What the task asks: Take the line with "TinyHousebeiDresden mit Faßsauna" as the first and the last line of the data as the end. Write out both and every line between exactly, except pictures.

Data below:
————————
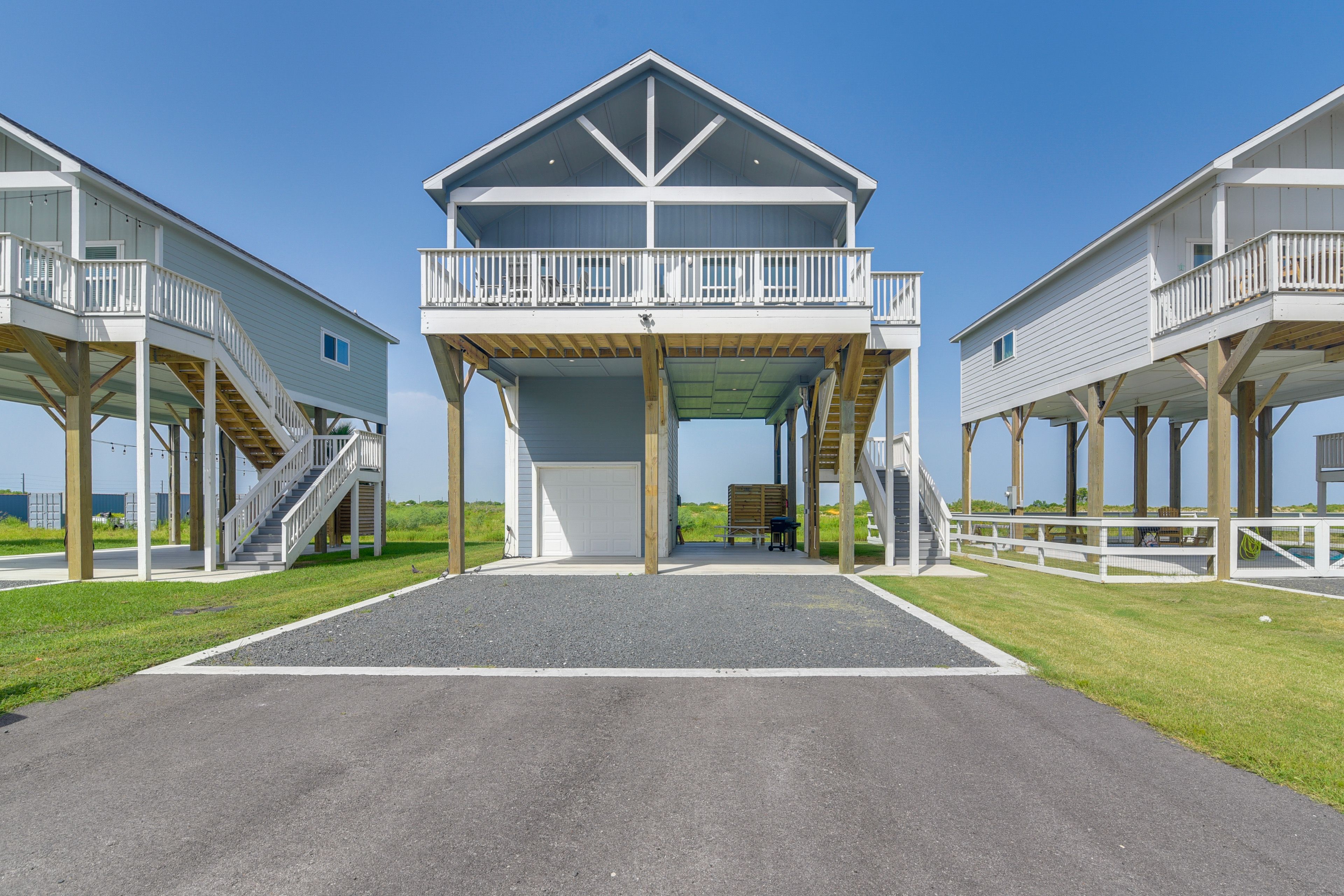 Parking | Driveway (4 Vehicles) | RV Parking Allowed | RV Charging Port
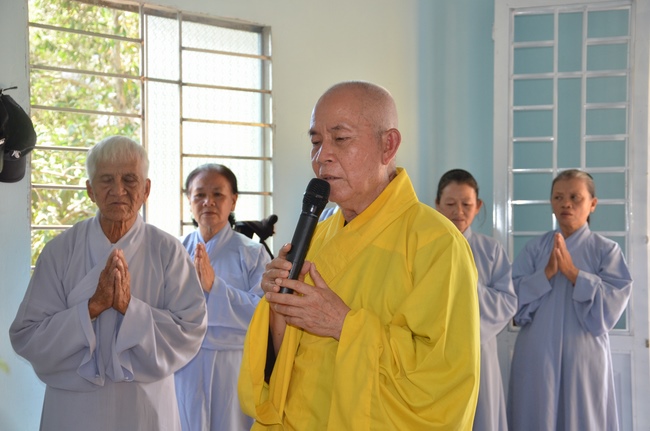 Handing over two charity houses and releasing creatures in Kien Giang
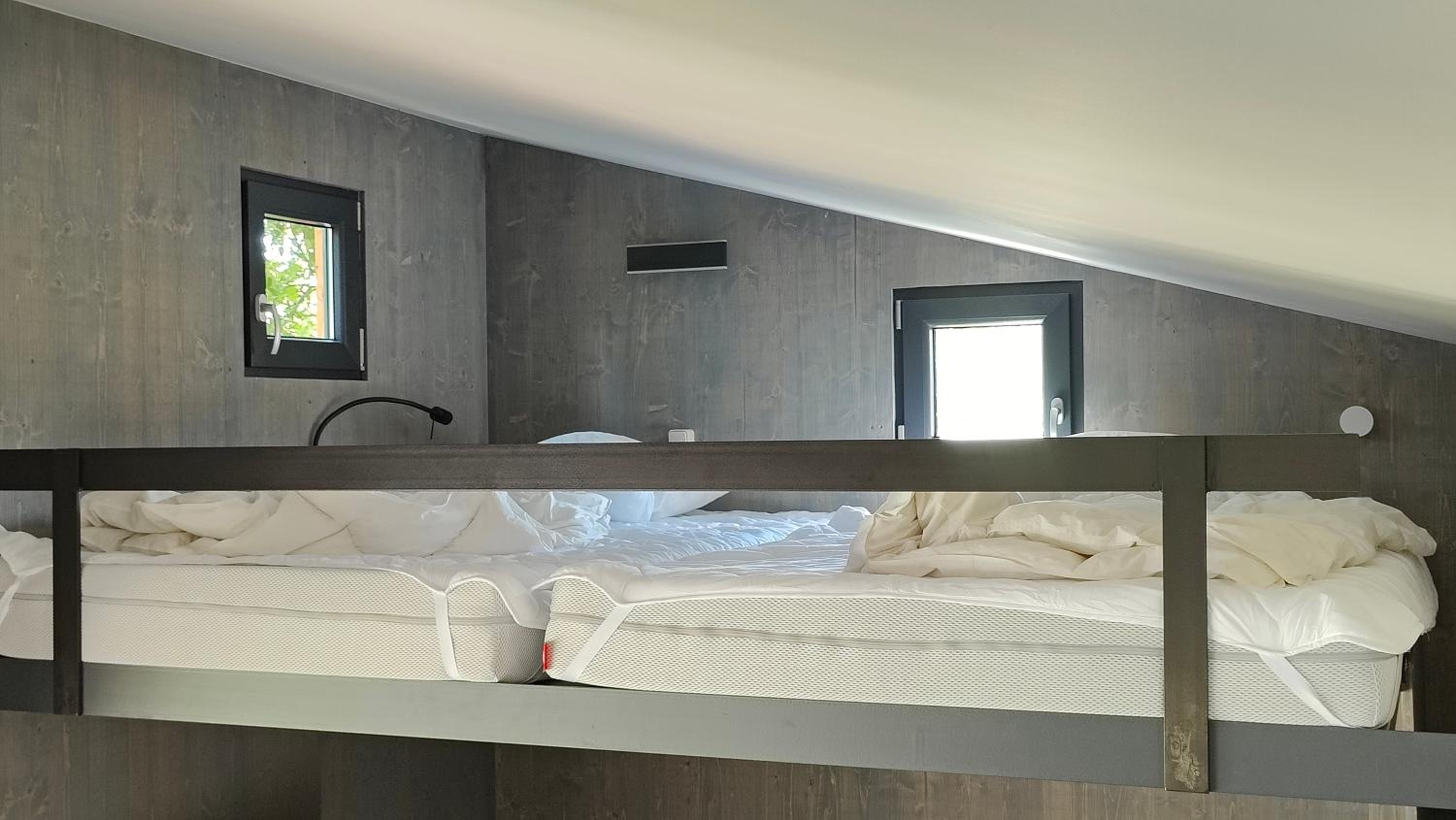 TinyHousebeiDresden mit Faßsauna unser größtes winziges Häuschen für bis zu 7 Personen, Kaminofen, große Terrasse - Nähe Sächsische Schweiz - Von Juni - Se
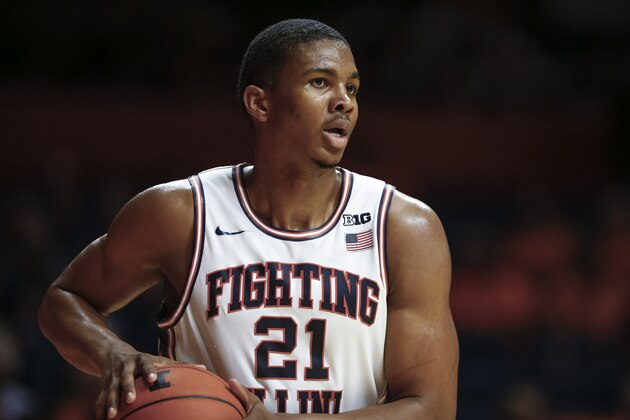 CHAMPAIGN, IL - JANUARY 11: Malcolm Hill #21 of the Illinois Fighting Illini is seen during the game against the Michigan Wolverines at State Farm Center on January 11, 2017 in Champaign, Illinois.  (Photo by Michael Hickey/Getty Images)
————————
Result:
 TinyHousebeiDresden mit Faßsauna unser größtes winziges Häuschen für bis zu 7 Personen, Kaminofen, große Terrasse - Nähe Sächsische Schweiz - Von Juni - Se
 CHAMPAIGN, IL - JANUARY 11: Malcolm Hill #21 of the Illinois Fighting Illini is seen during the game against the Michigan Wolverines at State Farm Center on January 11, 2017 in Champaign, Illinois.  (Photo by Michael Hickey/Getty Images)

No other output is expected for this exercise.